A small school opened in 2004 in the old Lucy Flowers Academy building in East Garfield Park, Al Raby High is named for the Chicago civil rights leader and teacher who worked here with Martin Luther King and later directed the Peace Corps in Ghana. The school equips students to tackle social justice and environmental issues, and seeks to use community activism to inspire students personally and academically.

A community mapping technology called Geographic Information Systems, which helps study the impact of social and environmental issues, is used throughout the school’s curriculum; the same GIS technology is used by Maathai’s Green Belt Movement to map reforestation efforts.

Maathai is visiting Chicago as part of the Chicago Humanities Festival, discussing her recent autobiography “Unbowed” at the University of Chicago on September 23.

The Green Belt Movement she founded in Kenya in 1977 has planted 30 million trees, created 6,000 nurseries and provided livelihoods to thousands of poor rural women in an effort to address deforestation and poverty.

Finding the roots of environmental degradation in government corruption and global development strategies that consume resources and promote inequality, the Green Belt Movement confronted Kenya’s dictatorship, and Maathai was jailed repeatedly and severely beaten by police; she lived in hiding at times during the early ’90s.

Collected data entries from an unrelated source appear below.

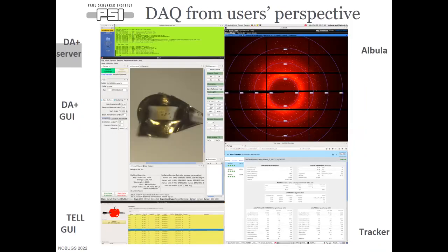If you're a user collecting at one of our beamlines, this would be the view you'd have of our console. You'd have your data acquisition server in the top left, your data acquisition GUI in the middle left, your robot sample changer TEL GUI in the bottom left. In the top right you'd have the diffraction viewer — we use Albula for viewing live streams and reviewing grid scan data. In the bottom right we have our tracker, which gives us live updates with server-sent events from our processing tracker and database.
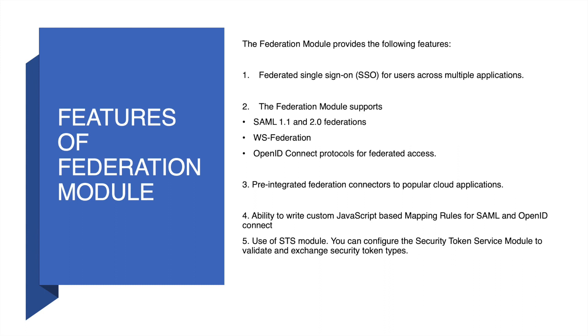It provides the ability to write custom JavaScript-based mapping rules for SAML and OpenID Connect. Another important feature is the STS module. You can configure the security token service module to validate and exchange security token types.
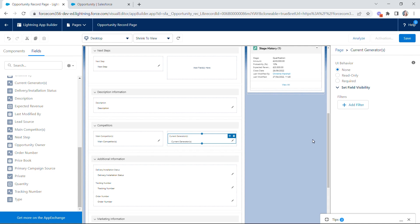That's just the beginning. What makes Dynamic Forms incredible is the ability to make fields and field sections visible depending on criteria you set. For example, think about this competitor section. If it's a new or prospective customer, competitors are very interesting — it helps us create a better sales offering. But if it's an existing customer who already owns our product, we may not need to know the main competitor or current generator. So let's make this entire section conditionally visible based on the type of customer.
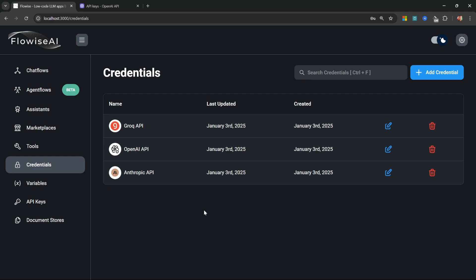I suggest just picking one of these. Maybe you can start with Grok because it is free, and the moment you run into issues, consider signing up for Anthropic as I think they might give you free credits. Or alternatively, add some credit to your OpenAI account and use your OpenAI models instead. Now that we have a large language model credential setup, we can go ahead and build our very first Flowwise project.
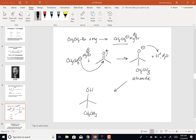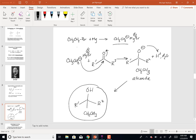And if I put R1 and R2 to indicate the different groups that could be attached, if we have to think about this backwards — in other words, if I have to say what reagents would I use to make that — here's what I know: this C and this OH came from what group? It came from the original carbonyl group.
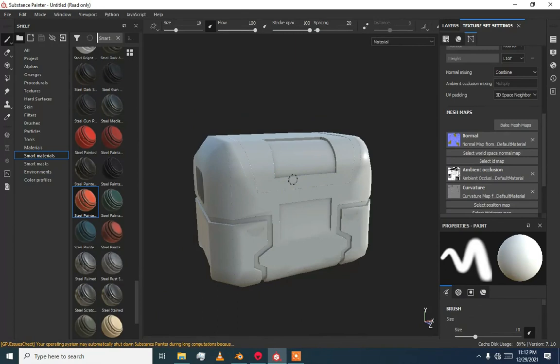This is all for today. Subscribe to my channel and press the bell icon. I am going to upload many tutorials about baking, rigging, and modeling in Blender — most tutorials will be in Blender — and also After Effects tutorials. Please subscribe and press the bell icon. I demand nothing from you.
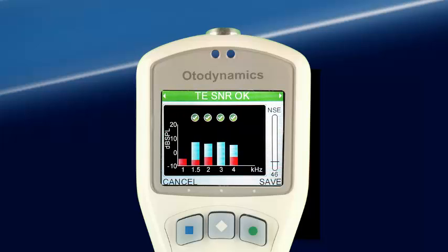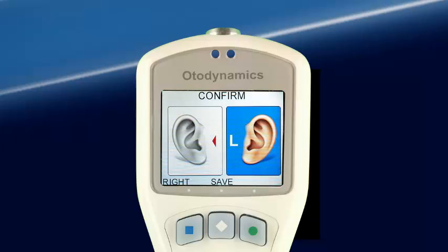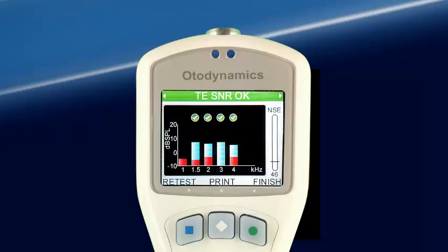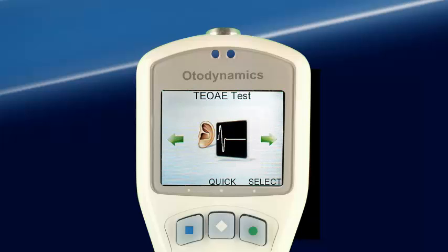Pressing OK brings up the next test screen, showing the result banner at the top and the half-octave histogram. Save allows us to choose the appropriate ear with the left-right arrow keys. Selecting Save again saves the test. Once saved, the test may be printed by selecting Print. If another test is to be performed on the same patient, Retest may be selected and the same demographic data will be used. Testing may be ended by selecting Finish, which returns us to the TE test screen.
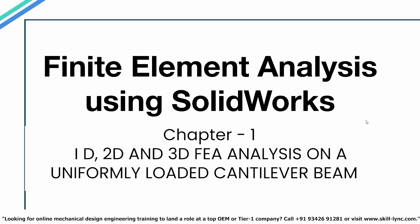Welcome back to another session in the course, FEA using SOLIDWORKS. In the previous session, we had performed a simple static and dynamic analysis. In this session, we will be performing a 1D, 2D, and 3D FEA analysis on a uniformly loaded cantilever beam.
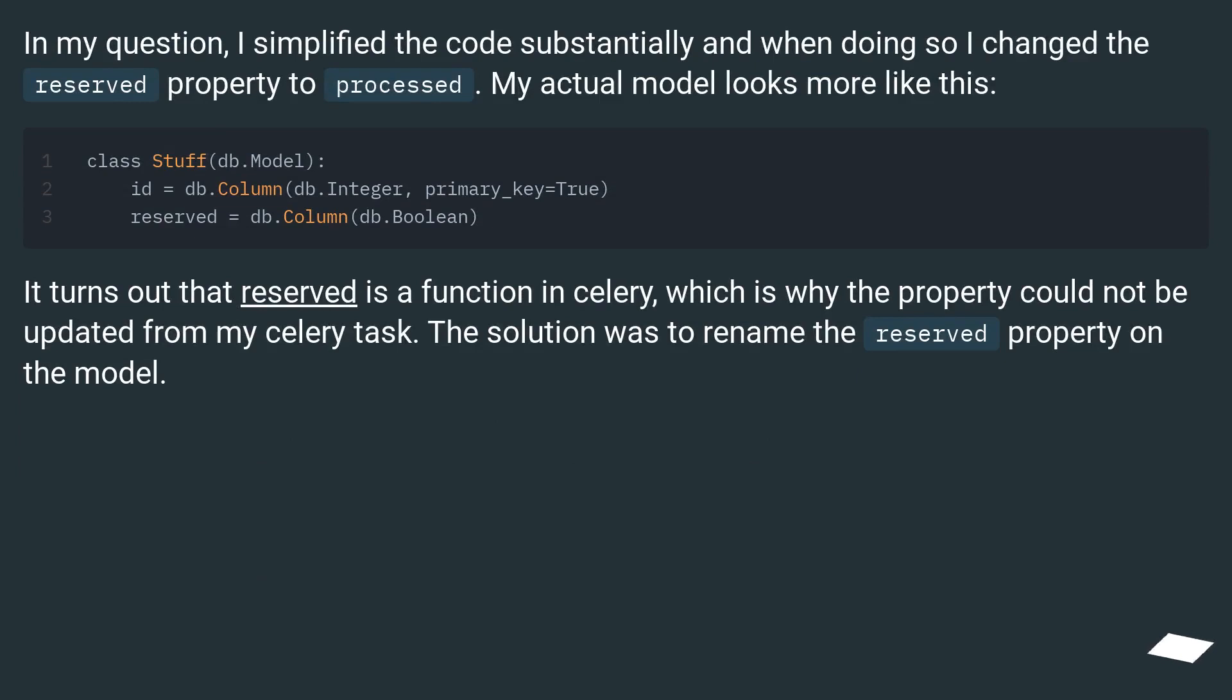In my question, I simplified the code substantially and when doing so I changed the reserved property to processed. My actual model looks more like this.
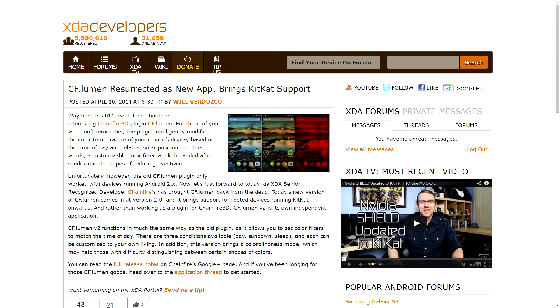Finally, Chainfire released a new — well, sort of a new — app this weekend called CFLumen. It's actually based on a plugin that used to be available through Chainfire 3D, and it allows you to change the color temperature of your device's screen. It can even intelligently change the color based upon the time of day, so in the evening it's easier on your eyes. It can also change to a red color during sleeping hours, so if you pick up your device in the middle of the night you won't kill your night vision. It's also got features to help people with colorblindness.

But in Kenya’s first democratic election in 2002 she was overwhelmingly elected to parliament and became assistant minister for the environment.

The 2004 Nobel Prize recognized Maathai for “a holistic approach to sustainable development that embraces democracy, human rights, and women’s rights.”

This year she is spearheading the Billion Tree Campaign of the United Nations Environmental Program, an effort to plant one billion trees in one year in an attempt to mitigate global warming.